Negara Ini Tak Buta, Tapi Tutup Mata
Sampai Kapan Kalian Memikirkan Diri Kalian Sendiri?
Di tengah hari yang biasa, saya membaca laporan tentang meningkatnya angka pengangguran di Indonesia tahun ini. Entah kenapa, laporan itu menusuk hati saya yang masih berstatus mahasiswa semester 6. Seketika, saya merenung: apakah akan ada kesempatan untuk saya ketika nanti lulus? Atau justru saya akan tertinggal?
Saya melihat teman-teman saya di kampung dulu—yang tidak kuliah—kini sudah bekerja di tambang, entah sebagai operator alat berat atau mekanik. Mereka sudah punya penghasilan sendiri, bahkan ada yang sudah mulai menabung dan membangun masa depan. Sedangkan saya? Masih duduk di bangku kuliah, mencoba bertahan dan berjuang dengan idealisme yang semakin diuji oleh kenyataan.

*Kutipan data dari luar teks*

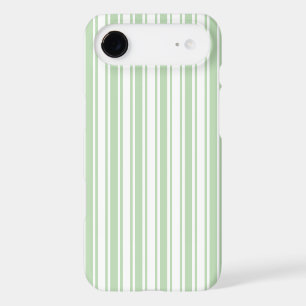 Pale green and white candy stripes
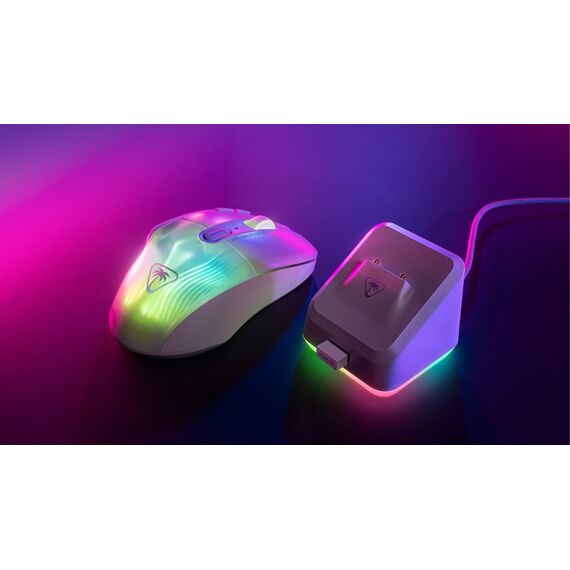Turtle Beach Kone XP Air – Kabellose, anpassbare und ergonomische RGB-Gaming-Maus, Bluetooth, optischer Sensor 19K DPI, bis zu 100-Stunden-Akku und Ladestation - Weiß, 5 image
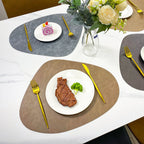 Double-Sided Faux Leather Table Mats – Non-Slip and Heat Resistant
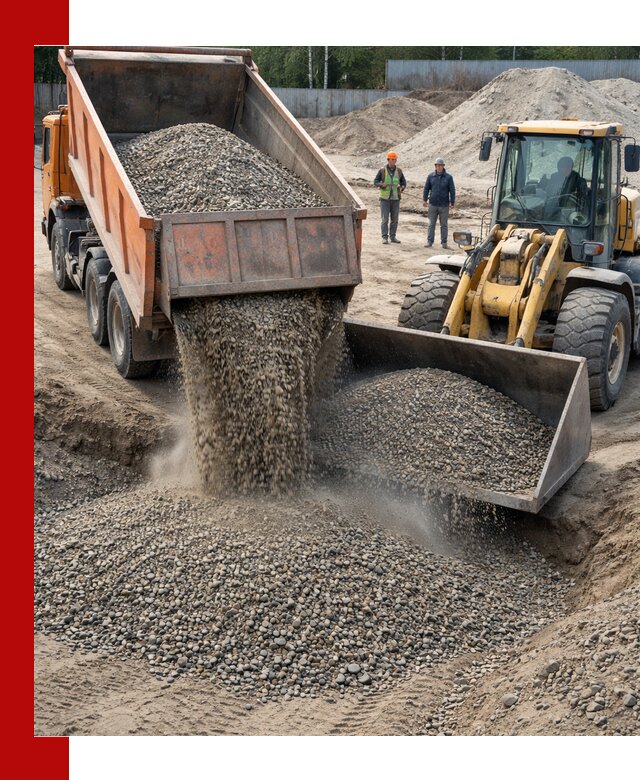 Доставка щпс С9 самосвалами по выгодным тарифам в Тюмени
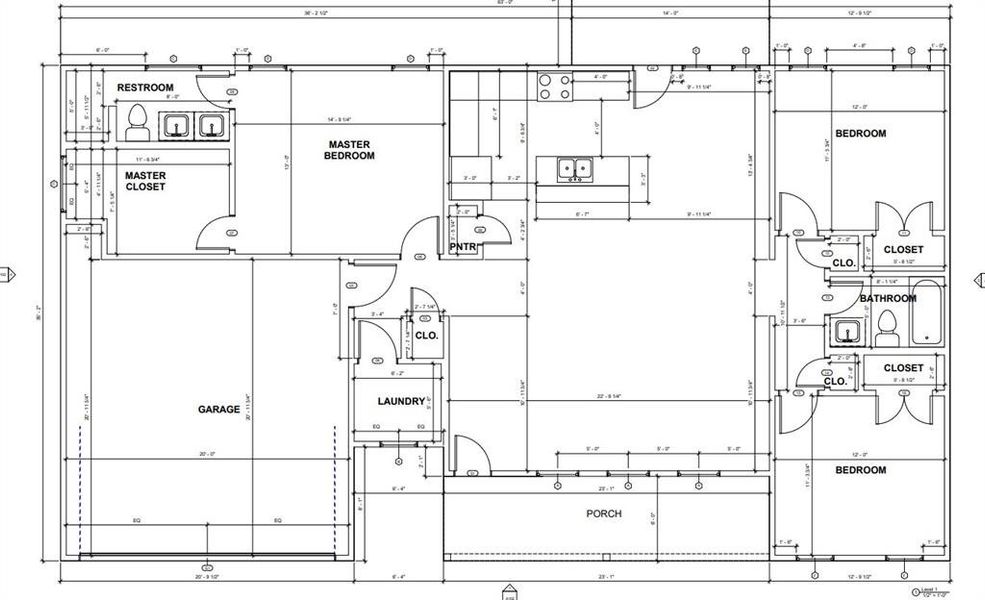 2D floor plan layout of this home in , Granbury, TX (Image 3). 2D floor plan layout of this home in , Granbury, TX (Image 3).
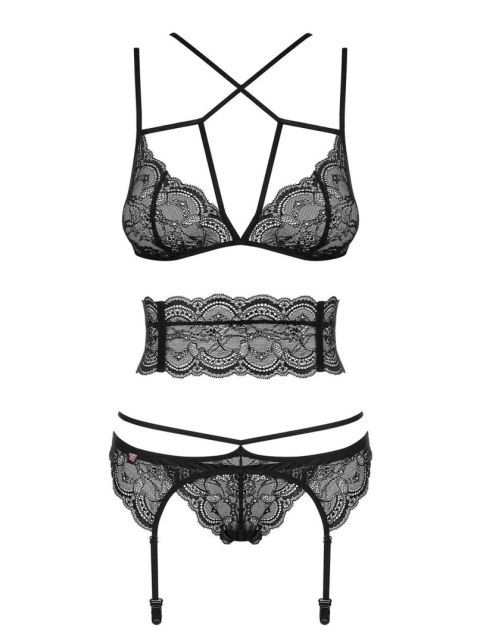 Obsessive -Frivolla komplet 4-częściowy S/M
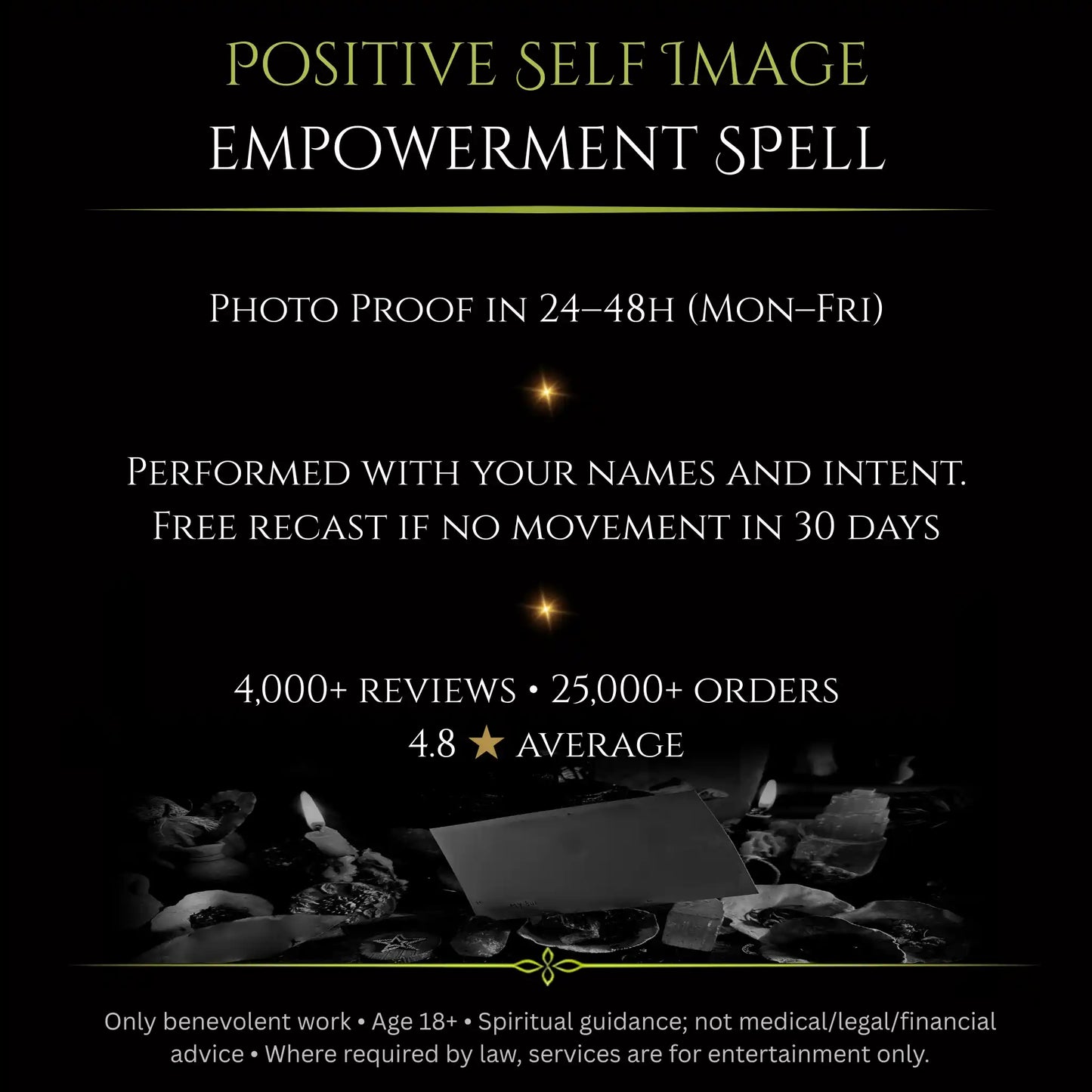Positive Self Image Empowerment Spell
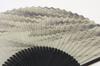 handcrafted by a Kyoto with fan case and paper box wave [Hasegawa] Men's Kyoto-style fan, artisan, (triangular pattern)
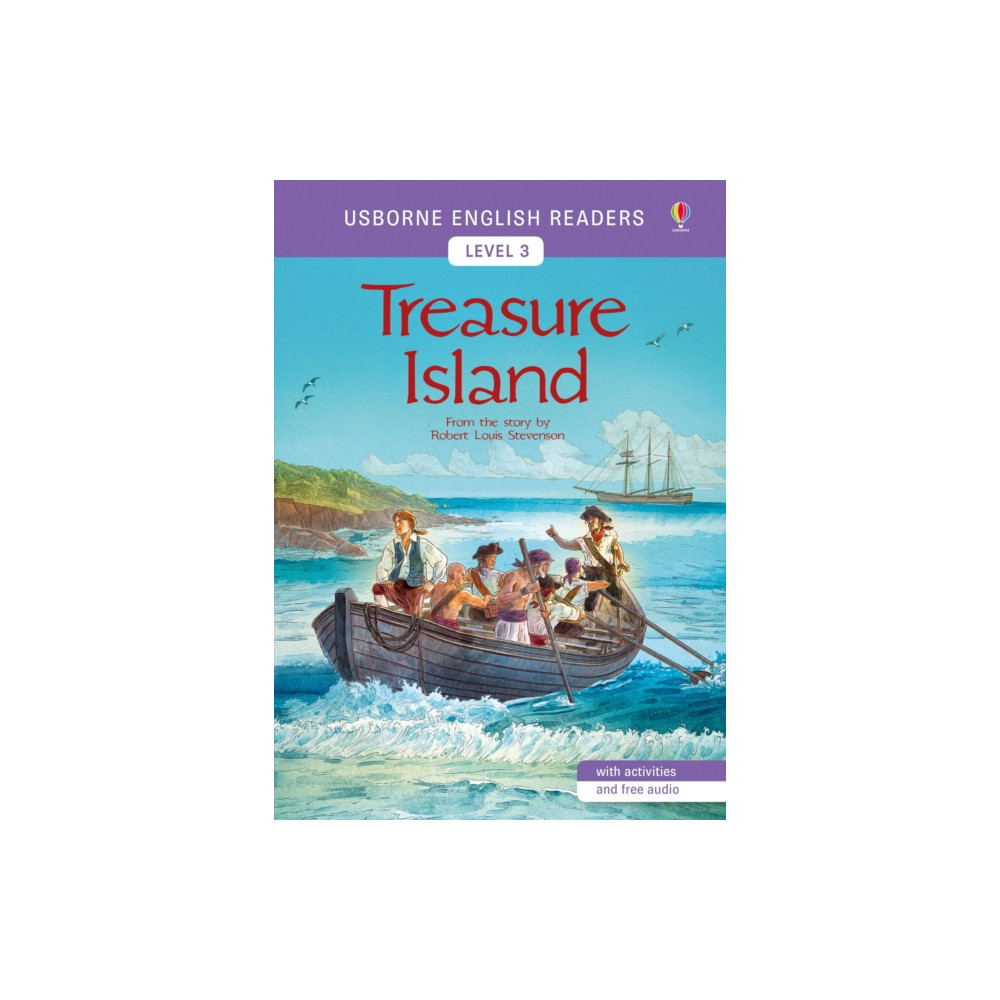 Produktbild för Treasure Island (häftad, eng)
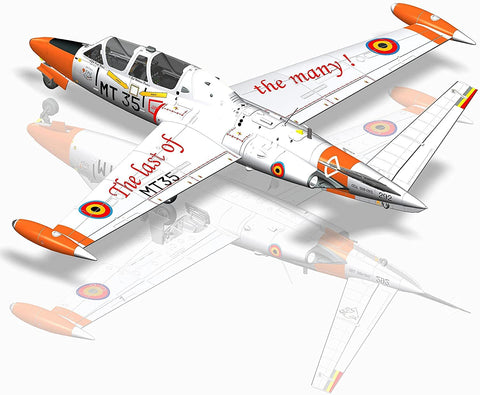 AvantGarde Model Kits 1/48 Fouga CM.170 Magister French Two Seat Jet Trainer Building Kit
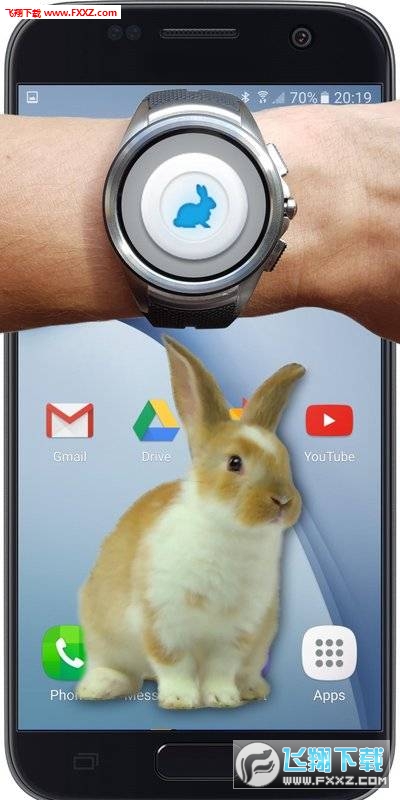 Bunny In Phone Cute joke(ֻĿɰЦ׿)v1.1ͼ2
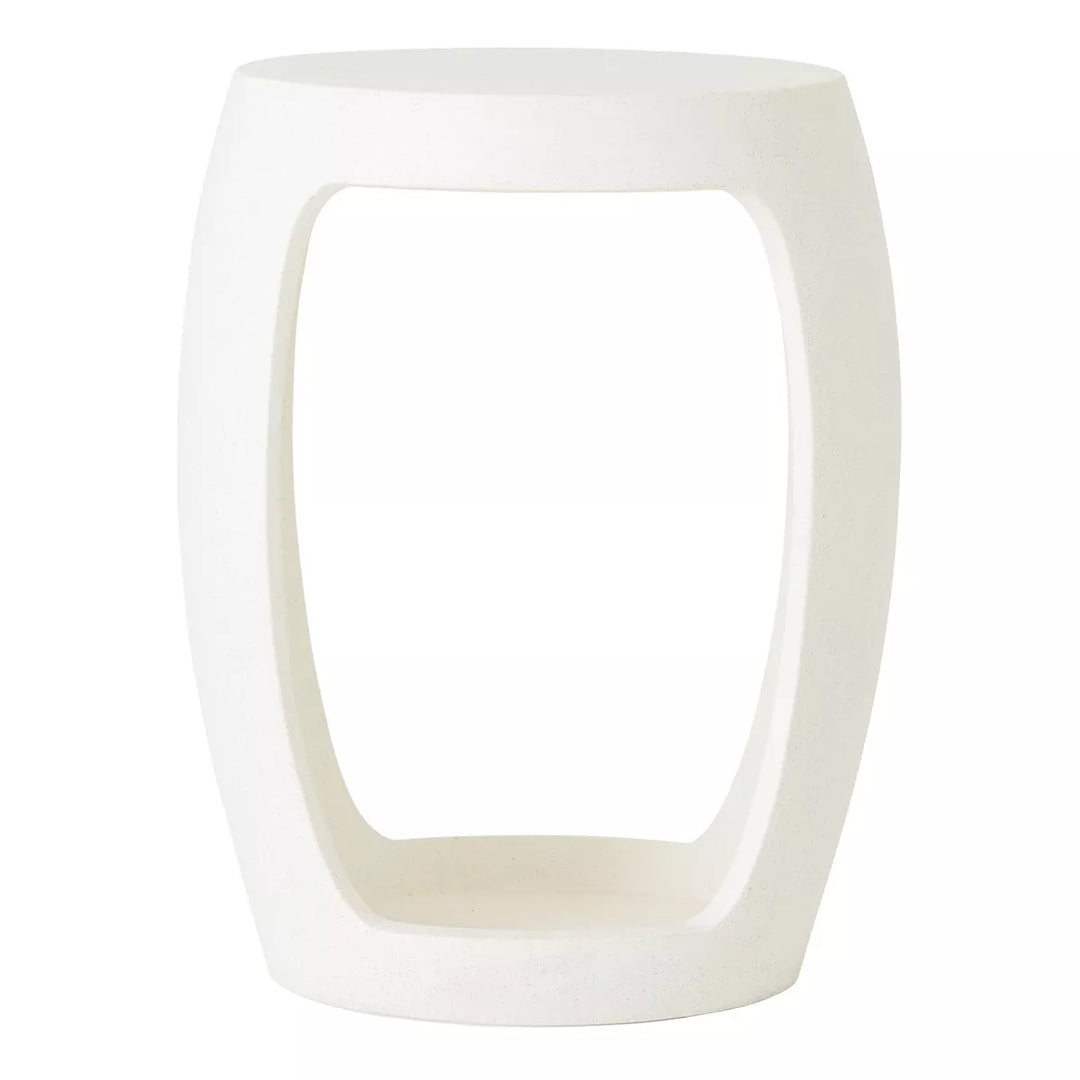 Camber Cut Out Coffee Table - White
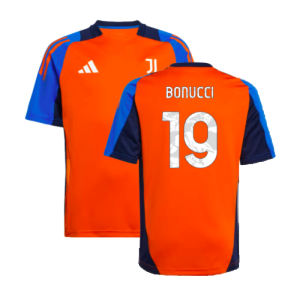 2024-2025 Juventus Training Jersey (Orange) - Kids (Bonucci 19)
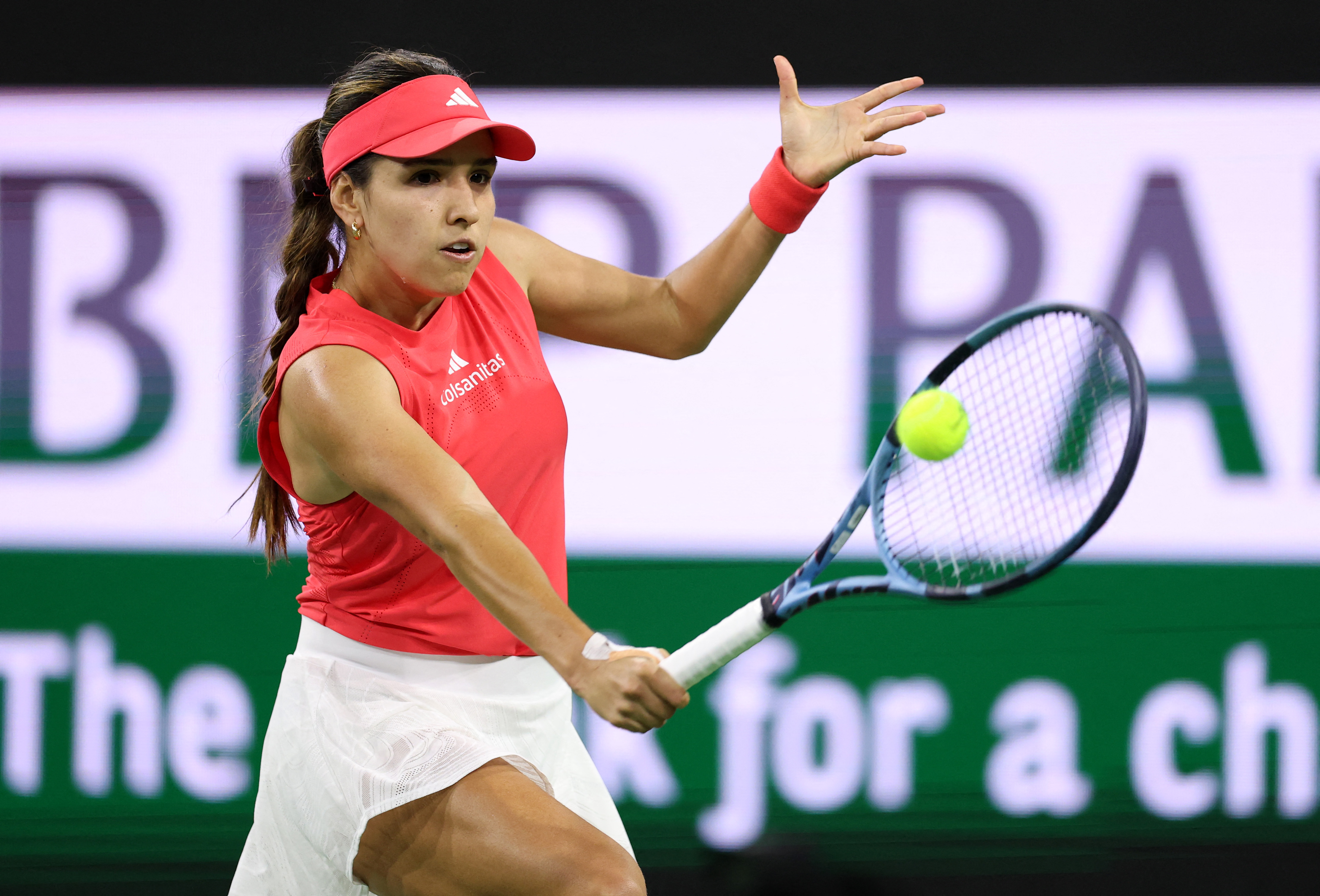 Camila Osorio quedó eliminada de Indian Wells tras caer con Clara Tauson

Jujur, saya merasa iri. Tak hanya karena mereka sudah punya penghasilan, tetapi karena mereka tampak lebih siap menghadapi hidup. Saya takut saat saya lulus nanti, mereka sudah jauh melesat—punya rumah, keluarga, bahkan anak. Apakah saya terlambat?
Saya semakin gelisah ketika melihat kondisi negeri ini. Indonesia yang saya cintai, tampaknya kian hari bukan membaik, malah bergerak menuju kemunduran. Banyak pejabat korup yang hanya memikirkan diri mereka sendiri. Mereka hidup dalam kemewahan, sementara rakyatnya berjuang setengah mati hanya untuk bertahan hidup. Mereka mengejar uang dan kekuasaan, mengorbankan harapan dan kepercayaan yang telah diberikan oleh rakyat.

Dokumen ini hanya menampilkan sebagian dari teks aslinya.